How a News Writer Makes News


News is about current events that have the potential to affect people’s lives. It informs people of what is going on in the world, whether it is a new virus that is spreading rapidly or how local elected officials are handling issues that impact residents of the community.

It also keeps people up to date on current events that affect their daily routines, such as weather conditions or how much food is in the grocery stores. People also want to be informed about what is happening in the world of entertainment; whether it is a major art museum revealing that one of its paintings was a forgery, or new music being released by popular artists.

To determine what is newsworthy, reporters look at a variety of factors. These include the importance of the event, proximity, controversy, and prominence. They also consider whether it has been shared and discussed on social media.

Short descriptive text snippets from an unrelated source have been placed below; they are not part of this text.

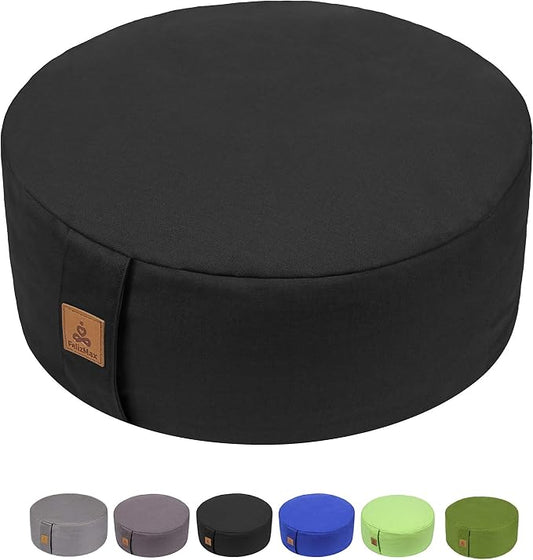 Zafu Buckwheat Meditation Cushion,D=13"/16" H=5.5",Round Zabuton Meditation Pillow,Yoga Bolster Kneeling Pillow Premium Yoga Pillow for Sitting on Floor Zippered Cotton Cover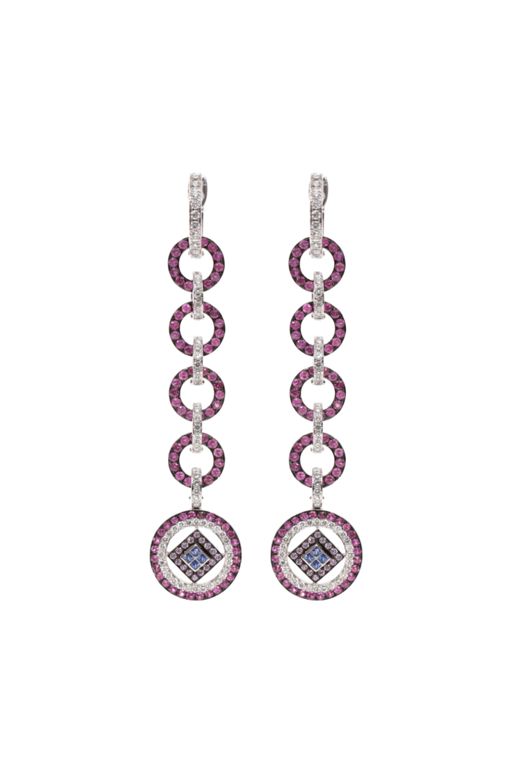 Pair of 18k Gold Multi-Gem Earrings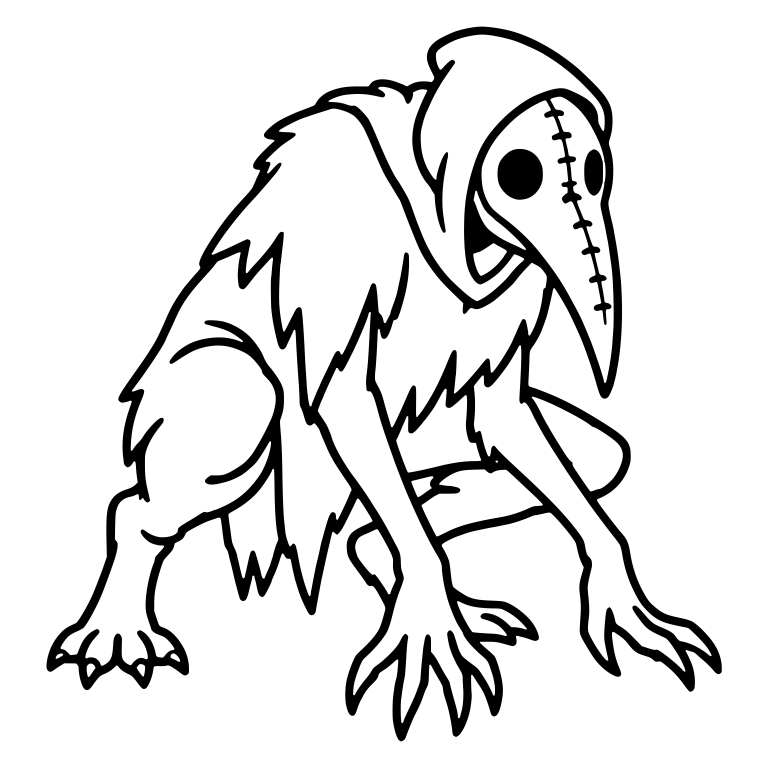 Crouching Plague Doctor Beast With Beak Mask — free fantasy-creature SVG cut file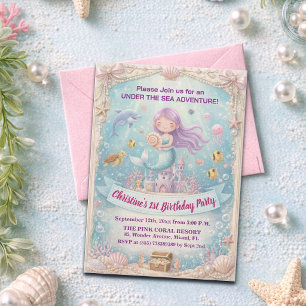 Purple Under the Sea Mermaid 1st Birthday Party Invitation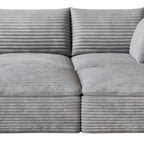 102" Gray Corduroy Modular Sofa With Ottoman And Toss Pillows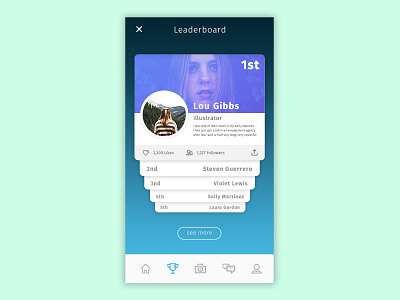 Daily Ui Challenge - #019 Leaderboard 019 app cards dailyui leaderboard list ranking ui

Once they have a general idea of what is to be included in their story, reporters will research their topic extensively. They will use both primary sources and secondary sources. Primary sources are those that come directly from the subject of their story, such as talking to a firefighter who saved a cat from a burning building or interviewing the owners of a pet store that is closing. Secondary sources are pieces that have already been written about the event.

Once the research is done, writers will have a good understanding of what to include in their story and will begin outlining. A common outline is the upside-down pyramid format. Using this outline will help them keep focused on the most important points and avoid getting bogged down with details that are not necessary for the story.